So if this is the ‘age to age,’ tech for seniors won’t be part of it. I counted 15 in the show book and on the floor. Three PERS products, one home care matching tool, three community sites, two ease of use computer products, two products for wander management, two remote health, two hearing assistance offerings. There were plenty of speakers (consultants and some vendors) talking about their tech – in panels and in the audiences, many recruited by session moderators who pitched the topic months ago. But if the thousands of aging services attendees are going to learn what’s what for their clients and their constituencies by visiting booths and seeing demos, it wasn't going to be at this event. If they want to have a good list and directory of vetted products and case study examples of how tech is used to help older adults, it won’t be here.

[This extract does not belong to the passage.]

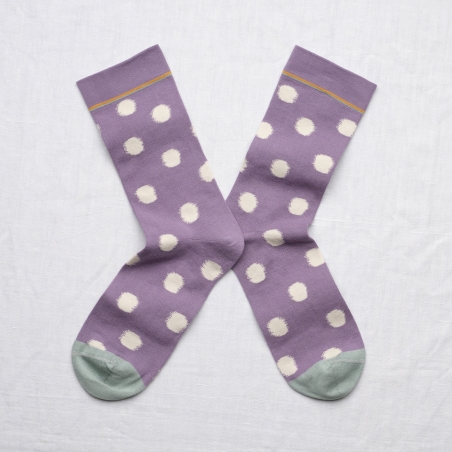 Socks Violet Polka Dot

You may wonder – isn’t this the premier event for aging services? There really aren’t that many other choices in the US with ASA’s attendee scale – more than 3000 aging services professionals. The larger AARP national event is for consumers. The AARP website and publications have boosted tech content, which is a good thing – the target boomer member is increasingly adopting it. Leading Age still is largely comprised of brick-and-mortar non-profit housing members. The tech-focused sub-group, Center for Aging Services Technology (CAST), provides sponsored research about technology adoption, and LeadingAge sponsored the design and build-out of the Idea House, which has showcased a few technology vendors that were not at ASA. And ALFA – the conference for the for-profit senior housing industry – still does not offer much tech for the end user resident. But Aging in America is the largest event for professionals who provide home and community services for an older population. And this is the largest and most centralized mechanism for those professionals to learn. Why aren't the vendors on the floor? Is it because they don't see a path from the attendee to an ultimate sale?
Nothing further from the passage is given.